On the day I turned eighteen, I created a YouTube channel. I named it, “The EntrePUNeur”, and I had three rules.
1. Release videos weekly
2. Wear a bowtie and make a pun in every video
3. Innovate entertainment
Twenty months later, I’ve amassed a thousand subscribers. It’s been a long road, but I’ve learned plenty about content creation and brand building.
Lessons from YouTube
Consistency is Key
Gaining an audience means creating something people want to see. Lots of it, too. This applies whether it’s a YouTube channel, a blog, photography work, or otherwise.
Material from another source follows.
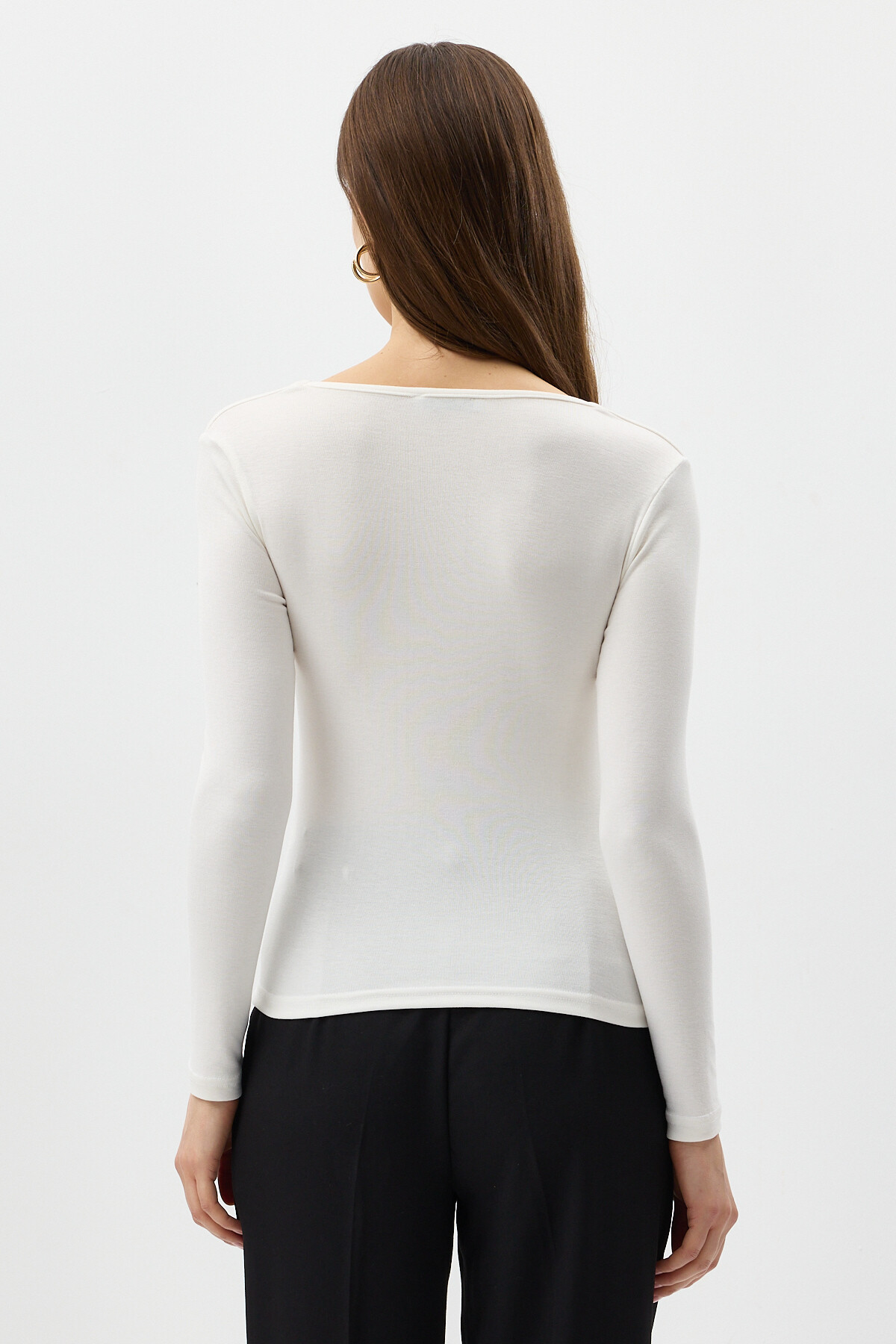 Ekru Kare Yaka Uzun Kollu Fitilli Kadın Body 8267A - 5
The more you’ve produced, the more credible you are as a creator. You also cater to a wider audience the more you make.
By forcing myself to release content weekly, I’ve now reached 89 videos. It would take someone at least 6 hours to watch everything I’ve made.
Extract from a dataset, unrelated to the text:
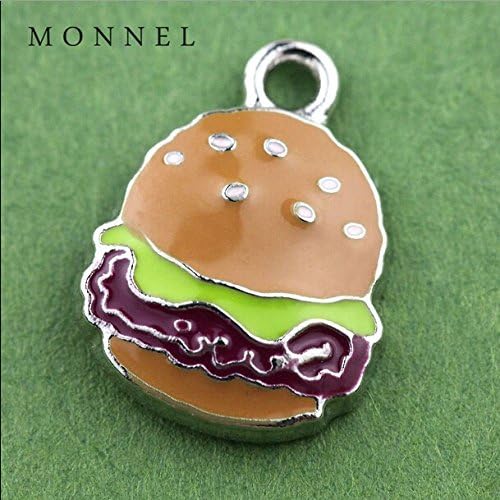 M91-C New Arrival 2016 Fast Food Hamburger Bread Charm Pendant 10pcs Wholesale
Making videos every week also led me to branch out in my creative style. I’ve made vlogs, music videos, Q&As, skits, and plenty of other types of video. This provided something for everybody.
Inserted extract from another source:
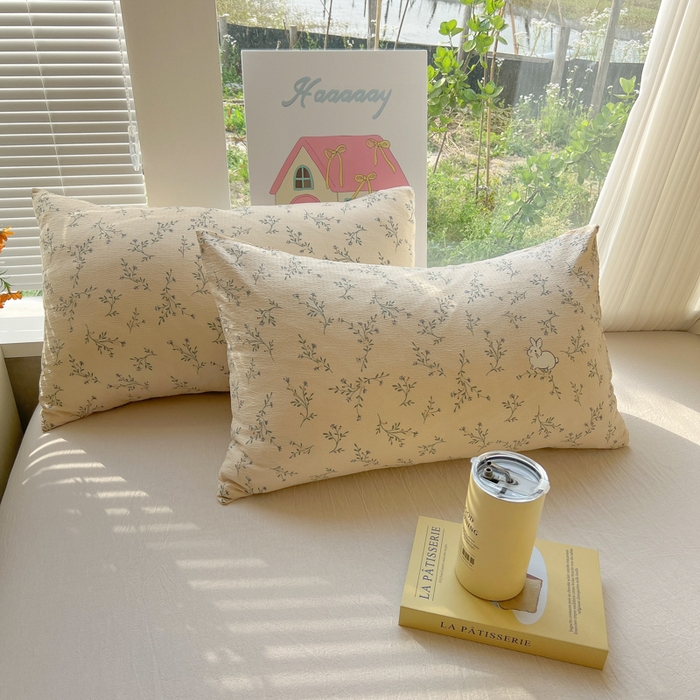 91家纺网 家纺一手货源 找家纺 韩巢家纺 2025新款云感提花双层纱枕套头套枕芯套 森田野园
Your Niche Doesn’t Have to Hold You Back
I wear a bowtie and make puns in every video I release. But my subscribers are not only bow tie and pun-lovers. In fact, people who hate puns are some of my most loyal subscribers.
My videos also have a general theme of entertaining and educating at the same time.
Prime example: Fantastic Fridays. This show reviewed obscure holidays by discussing their origin, how to celebrate them, and overall what I thought about them. This entertained and educated at the same time.
Plenty of people enjoy learning, and everyone likes to be entertained. Making every video valuable aside from my niche ensures that my content gains as many followers as possible.
Your Content Doesn’t Suck
I hate every video I release. I publish each video to YouTube after over SIX hours of writing, filming, and editing. Imagine listening to the same song a million times, and that’s what it’s like once I finish a video.
At the beginning, I had intense anxiety posting my videos. I was sure everyone would hate them. It was just the opposite.
We’re all perfectionists. We don’t want to publish our writing until it’s perfect. Still need to touch up the graphic design before releasing it.
News flash: Nothing’s perfect. Leonardo Da Vinci once said, “Art is never finished, only abandoned.” I learned from 20 months of YouTube that I’ll never be satisfied with my work. But that’s okay. I’m not subscribed to myself. My audience is who is waiting for a video.
Don’t Hold Back
I will have little time to comb this blog post and improve it before I post. Will I post it? Yes. That’s what editing later is for.
Anything worth doing in life will come with resistance. Uncertainty. Fear of failure. You can’t let inconsistency, your “niche”, or imperfection hold you back.
I used to hate it when grown-ups told me to “Try, try again”. But today I embrace it. I release content every week and even every day now that I blog. If I make a mistake, great! I can not do that next time. Did I use a preposition at the end of my sentence? Next time I’ll have that knowledge to work with.
Do you have dreams about your future? Invest in it. Do something today that will prepare you for tomorrow.
You won’t achieve success overnight. However, you might wake up twenty months from now with a notification that you reached a thousand subscribers. All you have to do is start.